• RECORDS PROVIDED
= Beginning of Section =

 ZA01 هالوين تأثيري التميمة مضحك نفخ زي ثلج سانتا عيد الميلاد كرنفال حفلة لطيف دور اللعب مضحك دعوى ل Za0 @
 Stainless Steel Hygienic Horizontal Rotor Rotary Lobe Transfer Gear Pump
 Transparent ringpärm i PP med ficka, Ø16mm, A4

= End of Section =
= Beginning of Section =

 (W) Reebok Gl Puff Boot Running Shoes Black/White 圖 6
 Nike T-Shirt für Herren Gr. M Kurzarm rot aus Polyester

= End of Section =
= Beginning of Section =

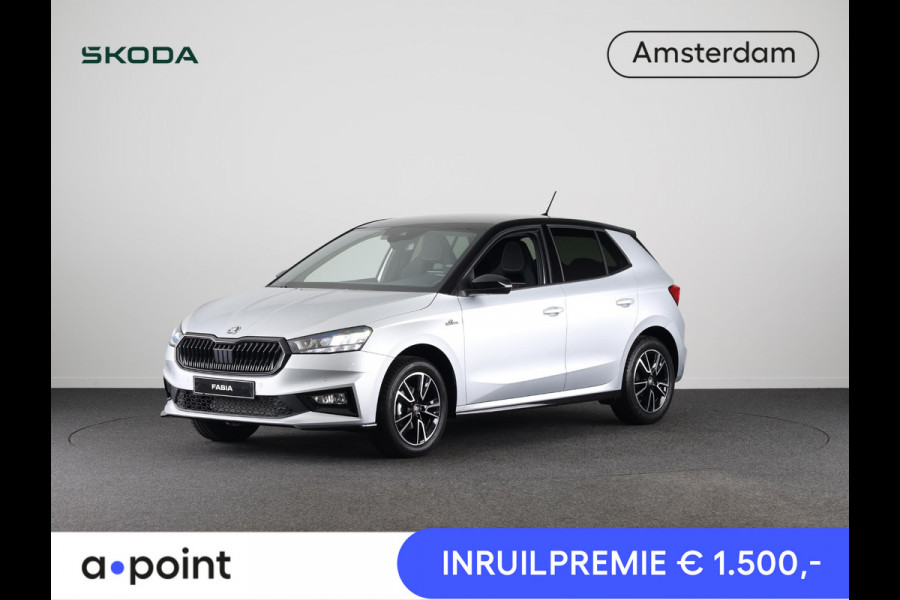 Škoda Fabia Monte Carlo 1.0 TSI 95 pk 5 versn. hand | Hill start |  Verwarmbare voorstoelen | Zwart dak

= End of Section =

• YOUR INSTRUCTIONS
Reproduce exactly the entries above, limited to the lines from the one with "(W) Reebok Gl" through the one with "Nike T-Shirt für", both included.

• FINISHED EXERCISE
 (W) Reebok Gl Puff Boot Running Shoes Black/White 圖 6
 Nike T-Shirt für Herren Gr. M Kurzarm rot aus Polyester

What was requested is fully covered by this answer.